For Civil Society Groups In Uganda, Access to Information is Key
Like many developing economies, Uganda’s efforts to develop its infrastructure, improve its agricultural and industrial sectors and promote science and technology comes at a cost that can’t be met only by using its limited resources. Such projects have to be financed through international financial institutions whose priorities align with those of the government’s. An increase in investment projects all over the country means the acquisition of resources that are owned or managed by communities where these projects are being planned.
When conflicts arise, as they often do, between communities and financiers I am always impressed by the range of solutions proposed by communities to protect or claim their resources. Depending on the level of community empowerment, different means are devised including engaging local authorities to prevail upon investors, staging protests, obtaining court orders to stop project activities or outright violence. In most cases, civil society organizations intervene when the crisis is full blown requiring litigation or mediation. But these organizations could play a more active role in empowering communities to engage with development plans throughout the project cycle.
To bridge this gap, the International Accountability Project organized a training on the Early Warning System for 9 civil society organizations in Uganda. The Early Warning System ensures local communities, and the organizations that support them, have verified information about projects likely to cause human and environmental rights abuse. When I introduced the early warning concept, participants looked uncertain. Christine Kaaya from Volunteer Efforts for Development Concerns (VEDCO) asked — “An early warning system for investment projects? How does that work? We have always known early warning systems in the climate change field!” As someone who works with farmer organizations, Christine’s remark was based on her understanding of an early warning system as a set of strategies aimed at building farmer communities’ resilience in the face of adverse climate changes that affect their productivity. Reflecting upon this understanding, the introduction of this system in the field of investment was a perfect start to working around defining community ‘resilience’ in the development process.

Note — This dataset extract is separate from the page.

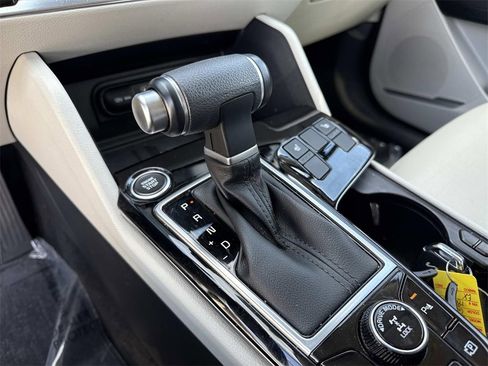 Used 2024 Kia Sportage EX image 24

Participants were drawn from organizations at a national level (National Association for Professional Environmentalists (NAPE), VEDCO, Advocates Coalition for Development and Environment, Uganda Debt Network and Uganda Land Owners Association), international level (Oxfam) and coalitions (Uganda Land Alliance, Coalition for Pastoralists Civil Society Organizations and Food Rights Alliance) working with affected communities. They were introduced to the Early Warning System as a tool that could be used to develop clear strategies for advocacy against investors, national governments and international financial institutions.
Participants were asked to share experiences of their organization’s interventions with communities affected by development projects. David Kureeba from the NAPE explained his organization’s role in community action against the Bujagali Dam project. He noted that Bujagali Electricity Limited relocated people from the project area with promises of payment and provision of electricity, water, seedlings and jobs, all of which were never fulfilled. After many futile meetings with company officials, communities asked their area local leadership to intervene but were not helped. They then contacted the district leadership who were not helpful either. Finally, they sought help from Exotic, a local NGO, which referred them to NAPE.
By analyzing this case, we asked ourselves- ‘Were community consultations held before project approval? How were the people involved in the implementation of the project? What was the project’s dispute resolution mechanism? What could communities have done differently if they had the project information they needed?’
Participants agreed that if communities are to meaningfully engage with investors and financiers, access to accurate project information is crucial. The discussion around what they felt communities could have done differently if they possessed information pointed to the need to focus community demands at investors and the ability to hold them accountable. Emphasis was also placed on organization’s advocacy around access to project information for all people affected by development projects.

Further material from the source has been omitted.